The authors of this article, Natalie Engelbrecht, ND, RP, and Debra Bercovici, PhD., noted that many people who are diagnosed with ASD later in life have previously been incorrectly diagnosed with BPD.

They theorized that this may be due to the fact that many behaviors exhibited by people with autism spectrum disorder can easily be misinterpreted as symptoms of BPD.

Autism and Borderline Personality Disorder: Overlapping Symptoms

  • Many people with ASD have difficulty maintaining relationships, which can cause them to develop a fear of abandonment. But when try to avoid future abandonment, this can look like a symptom of borderline personality disorder.
  • Intensity and inflexibility, characteristics of autism spectrum disorder, can cause people with ASD to have intense but brief relationships, also a symptom of BPD.
  • Many people with autism spectrum disorder have an unstable self-image, a symptom of borderline personality disorder. But for those with ASD, their self-image challenges aren’t intrinsic. They often reflect the negative feedback and confusing signals they receive from others.
  • People with ASD may have “meltdowns” when exposed to levels of sensory input that exceed their capacity to process. To someone who doesn’t realize the cause of these meltdowns, they can appear like an anger management problem, a symptom of borderline personality disorder.
  • Engelbrecht and Bercovici reported that as many as 70% of people with autism spectrum disorder also have attention-deficit/hyperactivity disorder (ADHD). One of the characteristics of ADHD is impulsivity, which can also be a symptom of BPD.

To accurately diagnose a person with either ASD or BPD, Engelbrecht and Bercovici advised, clinicians need to evaluate why a person acts a certain way, instead of focusing solely on the actions themselves.

“When clinicians incorrectly diagnose an individual with BPD instead of autism, they often overlook the underlying cause of these outward behaviors,” they wrote. “This happens most in autistics who mask and camouflage such that they ‘don’t look autistic’ according to the stereotype.”

Co-Occurring ASD and BPD

As Engelbrecht and Bercovici reported, many people who have autism spectrum disorder are misdiagnosed with borderline personality disorder. In other cases, people with BPD are misdiagnosed with ASD.

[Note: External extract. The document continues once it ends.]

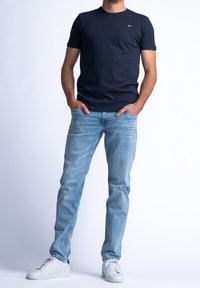 Camiseta de algodón azul marino con mangas cortas, combinada con vaqueros azul claro y zapatillas blancas. El conjunto presenta un diseño sencillo y moderno.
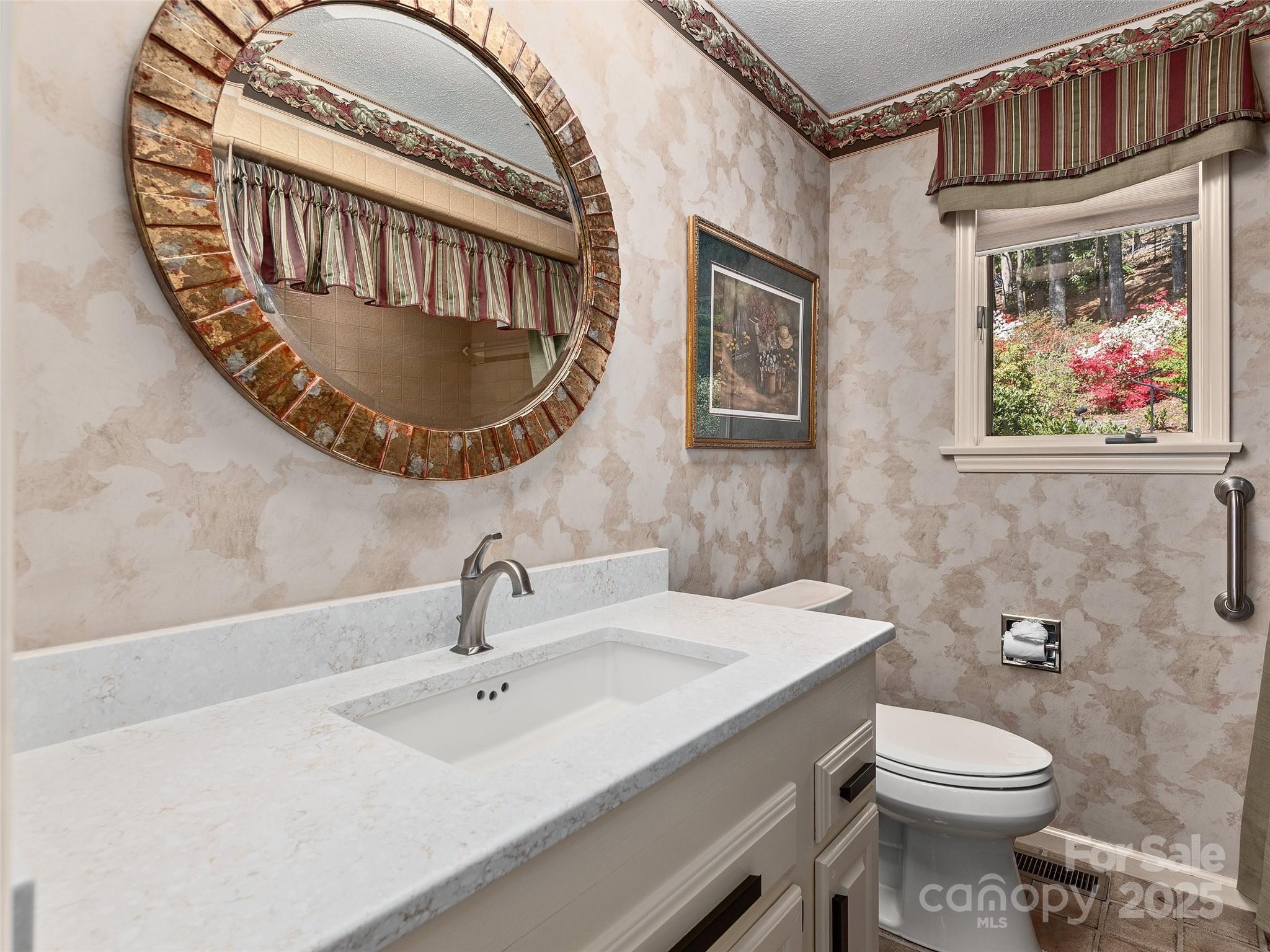 1300 Randy Drive Hendersonville, NC 28791 - Photo 29 of 48 a bathroom with a sink a toilet and a mirror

Given the similarities between these two disorders, is it possible for someone to have both at the same time?

According to an article in the March-April 2023 issue of the Harvard Review of Psychiatry, co-occurring ASD and BPD definitely happens.

This article noted that about 4 percent of people with borderline personality disorder also have autism spectrum disorder. Another study suggested that about 3 percent of people with ASD also have BPD.

  • The World Health Organization (WHO) reports the global rate of autism spectrum disorder is about 1%.
  • This means that about 75 million people across the planet have ASD.
  • If 3% of these individuals also have borderline personality disorder, that means more than 2.2 million people worldwide have co-occurring ASD and BPD.
  • Applying these estimates to the United States means that, theoretically, about 100,000 people in the U.S. have both autism spectrum disorder and borderline personality disorder.

Compared with many other mental health challenges, co-occurring ASD and BPD is relatively rare. But for the millions of people who have both conditions – as well as for the unknowable number misdiagnosed with one or the other – the ability of treatment professionals to recognize the similarities between autism spectrum disorder and borderline personality disorder can be life-changing.